LlamaSim is a multi-LLM framework that aims to simulate human behavior at scale. Given a specific environment (e.g., voters in Pennsylvania, students at CMU), we simulate how target groups would respond to important questions/events. This allows us to more accurately predict event and condition outcomes.

This project also has contributions from Thomas Bahmandeji, Sahra Mohamad, and Dhruvi Kadhiwala.

The challenge – simulating human behavior with complex scenarios

One use case of LlamaSim is for predicting elections. Traditional polls and static models often fail to capture dynamic voter behavior, especially in battleground states where every news cycle can shift the race. Mass simulating LLMs brings a cutting-edge solution to predict elections more accurately than conventional methods.

For example, to simulate election results in battleground states, we can create 100s of LLMs that behave and role-play like real voters.

  1. Replicate voter districts using US census data
  2. Develop agents with rich backstories, programming them to “think” like voters in various demographics
  3. Simulate conversations between agents to simulate how they would react to hypothetical scenarios (e.g., Donald Trump launching his own cryptocurrency)
  4. Quantitatively predict how voters change their opinions of true/false questions (e.g., are you voting for Donald Trump?) based on aforementioned hypothetical scenarios

How we built this

Simulating this type of interaction has traditionally been impractical due to slow inference speeds, which make group chat-style conversations cumbersome – especially at scale. This is very noticeable when using Autogen/CrewAI with base model providers. Moreover, simulating large groups of voters in real-time demands significant computational resources, with complexity only increasing as we scale to hundreds or even thousands of identities representing specific populations, such as voters from Pennsylvania.

With Cerebras, we were able to simulate 100 voters (from generation to group chat to prediction) in less than 4 minutes.

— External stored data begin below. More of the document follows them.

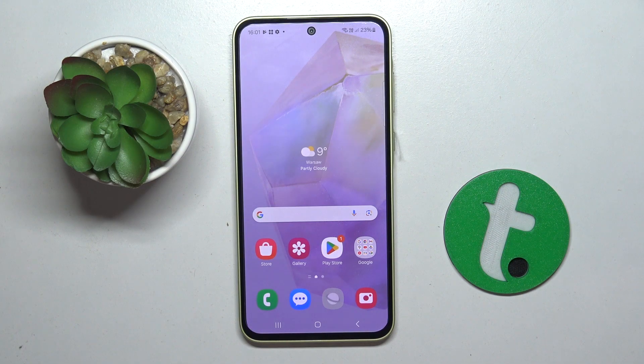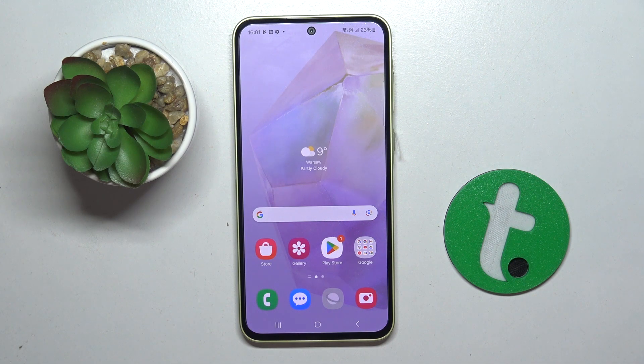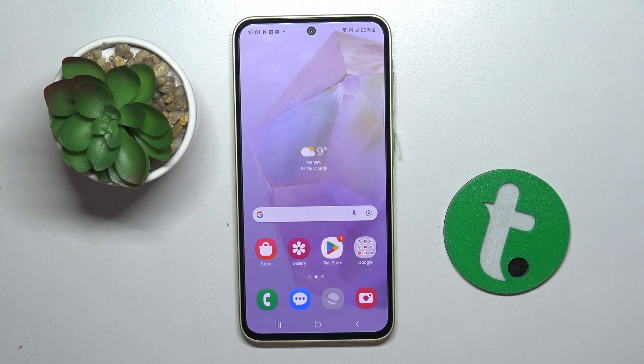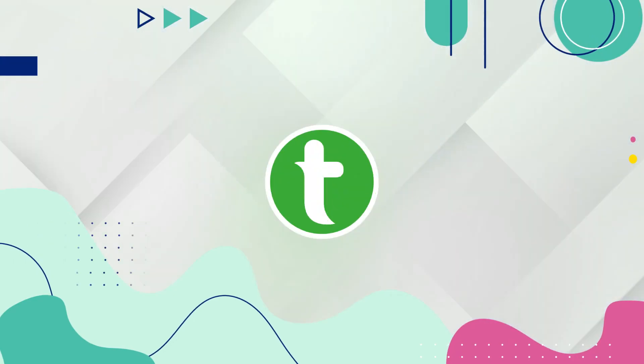Welcome guys. In front of me is Samsung Galaxy A35 and in this video I'm going to show you how to hide apps on this device.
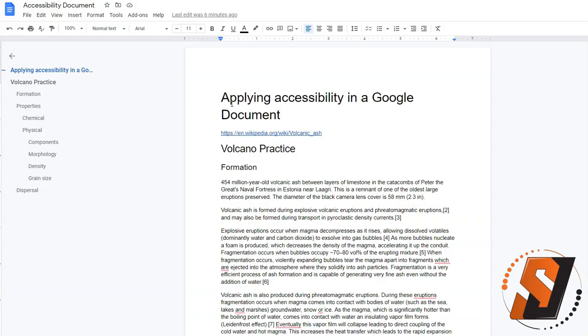Hello, my name is Shawn Jordison and in this video we are going to learn how to apply a link into a Google document.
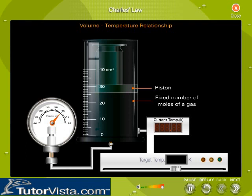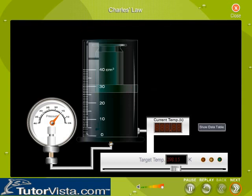The syringe contains a fixed number of moles of a gas at constant pressure. It is air tight and fixed to a pressure gauge as well as a digital thermometer. When the slider is moved, the temperature of the gas in the syringe changes. Observe the change in the volume of the gas. The volume and temperature readings are recorded each time and displayed in the table.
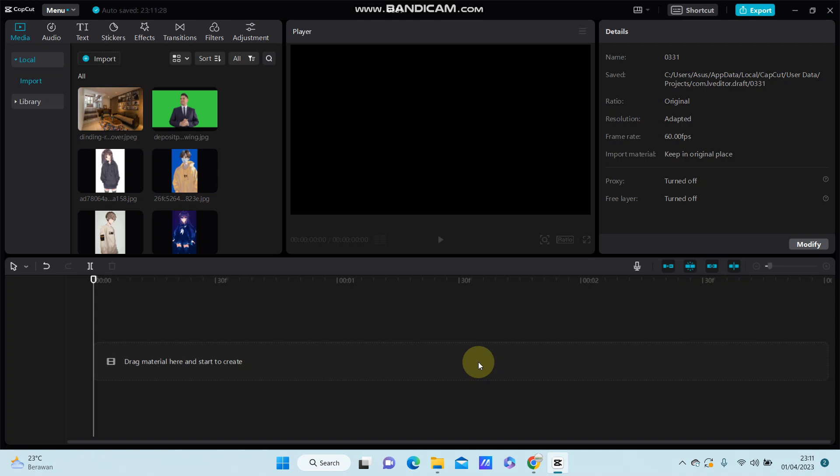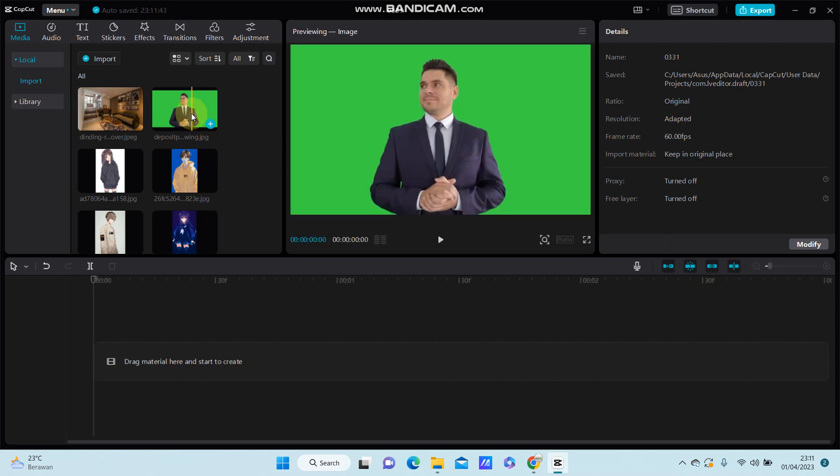going to show you the easiest way to make your videos look more HD. Alright, so for example, I'm going to select image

Specifically, for each voter, we’re able to generate a synthetic identity with over 20 socioeconomic characteristics, then adding a unique backstory about their life experiences. These simulated individuals are then placed in a group chat with the other 99 voters to engage in a conversation around a specific prompt. Afterward, we conduct a true or false poll on a given question, both before and after presenting them with the same hypothetical scenario, to measure any shifts in their opinions.

LlamaSim leverages Llama 3.1 8B, hosted on Cerebras, which delivers over 2000 tok/s, significantly outperforming other model providers. LlamaSim currently uses GPT-4o-mini for voter characteristic generation and Cerebras for backstory generation, both for 100 identities. The performance comparison is striking: In a recent benchmark, GPT-4o-mini completed the task in 98.78 seconds, while Cerebras achieved the same result in just 41.53 seconds (nearly a ~60% reduction!). Needless to say, I’m super excited to be pushing an update to LlamaSim using Cerebras for characteristic generation as well!

One of the key challenges in this project was ensuring that the output adhered to a structured schema, particularly for identity generation. This was crucial for maintaining consistency and realism across the simulated agents. We used Cerebras integration with Instructor to efficiently generate structured outputs that met the required specifications, ensuring precise and coherent agent identities.

Another challenge we faced was managing conversation context in a native sliding window format. Since the model’s context length was limited, we had to dynamically handle the removal of older messages to ensure that the most relevant and recent information remained within the context window. This required careful balancing to maintain the flow of conversations while preventing any loss of critical context for coherent interactions. Super excited to be re-implementing this using mem0.ai!

What’s next?

I’m excited to continue enhancing LlamaSim by implementing both long-term and short-term memory storage using mem0.ai, and developing live news feeds to keep our agents updated with real-time information. Looking ahead, I’ll be expanding the framework to dynamically generate demographically aligned agents for any population, instantly, and will be launching a live public demo that anyone can interact with.

Try LlamaSim now on Github.

About Jet Wu

The Cerebras Fellows program has been invaluable in providing both technical support and increased rate limits for LlamaSim, allowing me to scale and optimize my project in ways I couldn’t have done alone. Beyond the technical resources, the mentorship and guidance I’ve received have been incredible, helping me navigate challenges and continuously refine my approach.

I’m currently a junior at Carnegie Mellon University studying Statistics & Machine Learning. Lately, I’ve been diving deep into behavioral economics, exploring how human decision-making intersects with data and AI. In my free time, I enjoy learning new things—most recently, trying to master golf (emphasis on trying) and plotting world domination through Catan.